- Required action:
Once the pictures are set aside, copy the records below exactly as they stand.

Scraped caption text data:
■ ■ ■ ■

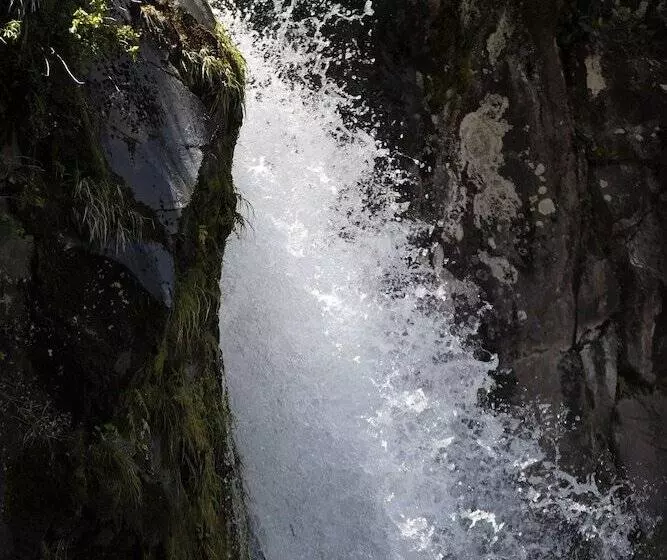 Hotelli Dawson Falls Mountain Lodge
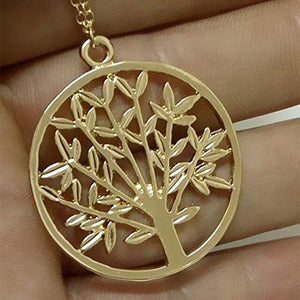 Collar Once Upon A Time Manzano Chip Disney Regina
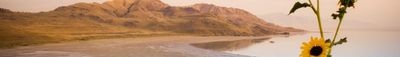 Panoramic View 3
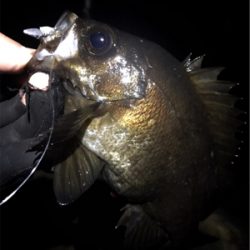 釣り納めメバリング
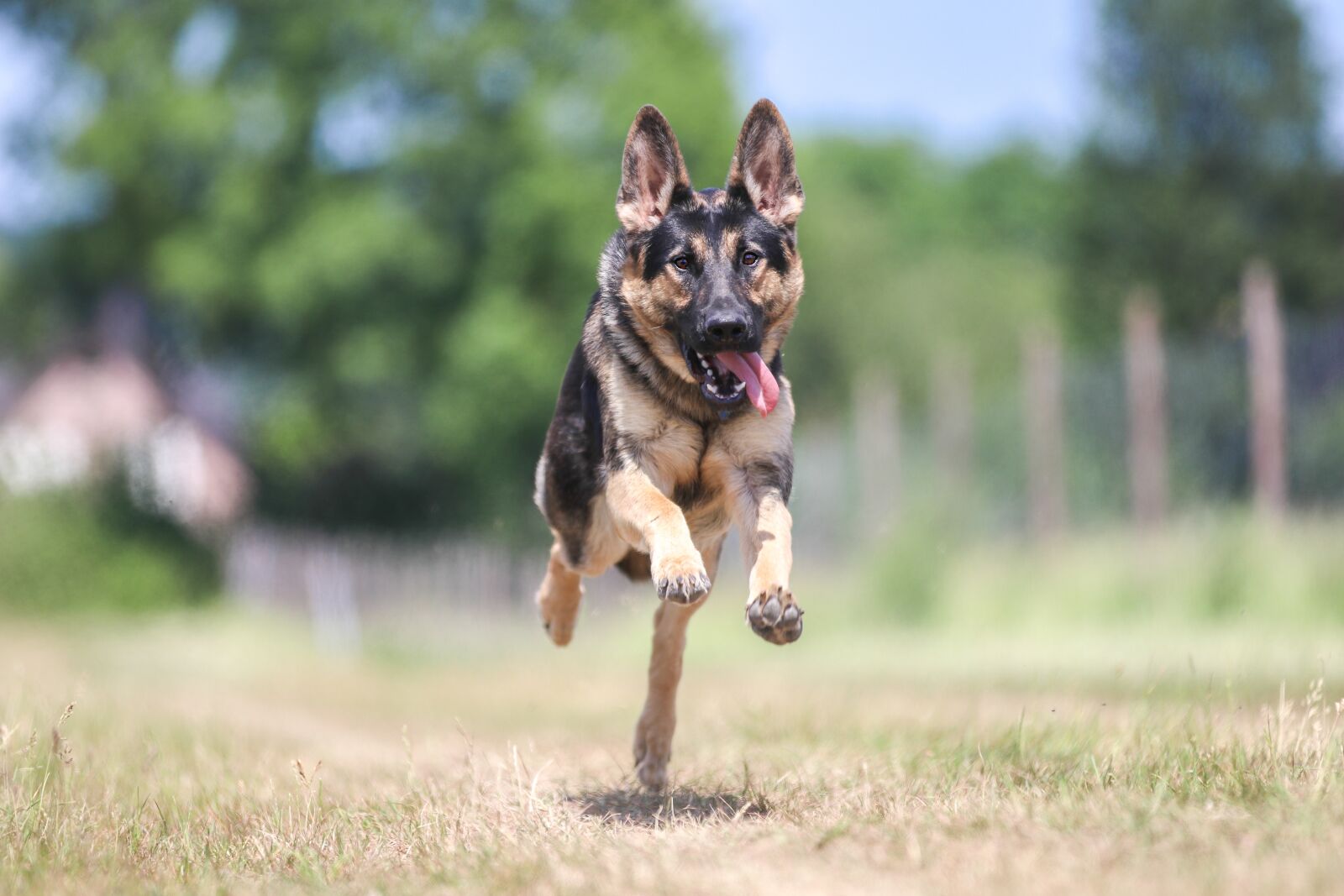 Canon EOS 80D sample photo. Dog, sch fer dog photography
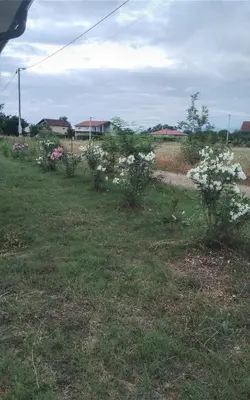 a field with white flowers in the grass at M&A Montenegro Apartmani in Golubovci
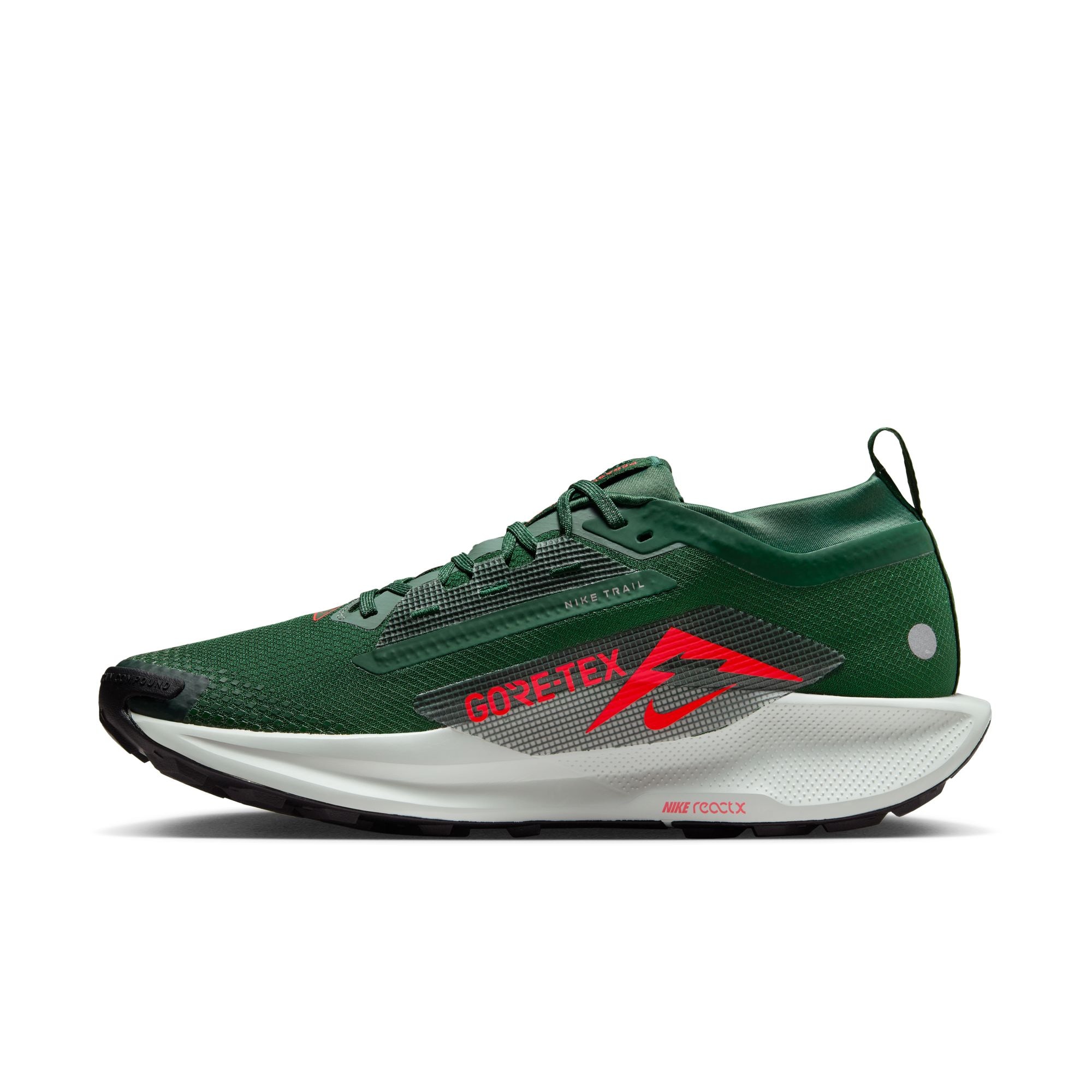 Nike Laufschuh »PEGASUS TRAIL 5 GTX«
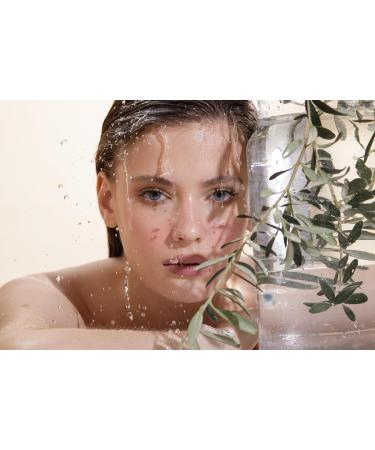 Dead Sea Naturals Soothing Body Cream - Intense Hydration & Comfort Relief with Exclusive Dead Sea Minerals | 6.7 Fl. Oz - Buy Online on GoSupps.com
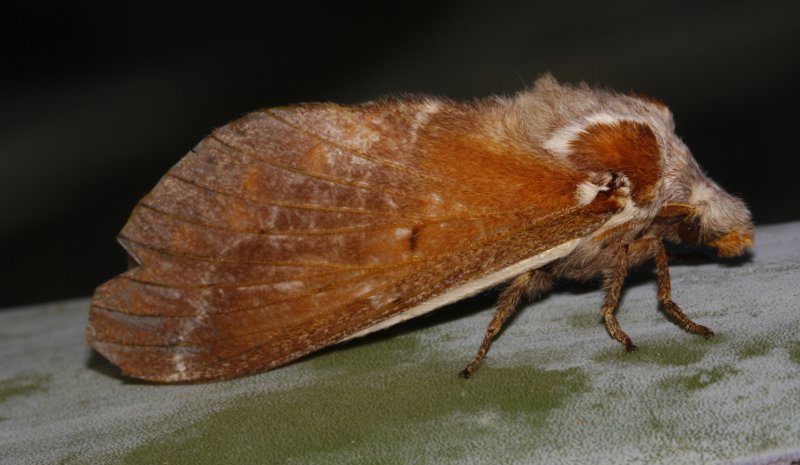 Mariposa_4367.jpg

■ ■ ■ ■

- Solution below:
 Hotelli Dawson Falls Mountain Lodge
 Collar Once Upon A Time Manzano Chip Disney Regina
 Panoramic View 3
 釣り納めメバリング
 Canon EOS 80D sample photo. Dog, sch fer dog photography
 a field with white flowers in the grass at M&A Montenegro Apartmani in Golubovci
 Nike Laufschuh »PEGASUS TRAIL 5 GTX«
 Dead Sea Naturals Soothing Body Cream - Intense Hydration & Comfort Relief with Exclusive Dead Sea Minerals | 6.7 Fl. Oz - Buy Online on GoSupps.com
 Mariposa_4367.jpg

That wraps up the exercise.